Yet Another Plaintiffs’ Lawyer Sanctioned for Greed
“The Kentucky Supreme Court has voted to disbar Ohio trial attorney Stanley Chesley, a legend of the plaintiffs’s bar whose reputation as a champion of the underdog was marred by accusations of greed,” according to the Wall Street Journal.
“The court said Mr. Chesley may not have been aware of the ‘direct deception’ of clients, but there was convincing evidence he had ‘knowingly participated in a scheme to skim millions of dollars in excess attorney’s fees from unknowing clients'” after a $200 million settlement in a diet drug case.
Commenting online in connection with the WSJ’s story, American Tort Reform Association director of communications Darren McKinney wrote:
Yet another tawdry example of unscrupulous behavior among plaintiffs’ lawyers, putting the lie to their collective claim that they live to stick up for the little guy who is supposedly too often victimized by big, bad, greedy corporations.
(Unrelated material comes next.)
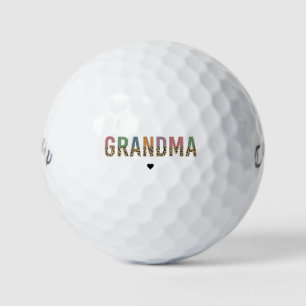 Grandma multicolor cheetah leopard typography Gift Golf Balls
Well, whether it’s bribing judges (Dickie Scruggs), rigging securities class actions (Bill Lerach and Mel Weiss), conspiring to gin up fraudulent asbestos claims (Robert Peirce and Louis Raimond), disgracefully stealing from clients (Stan Chesley, et al.) or otherwise abusing and degrading our civil justice system at considerable expense to our economy and society as a whole, it seems that plenty of plaintiffs’ lawyers are at least as greedy and self-serving as they’ve hyperbolically claimed corporate executives to be.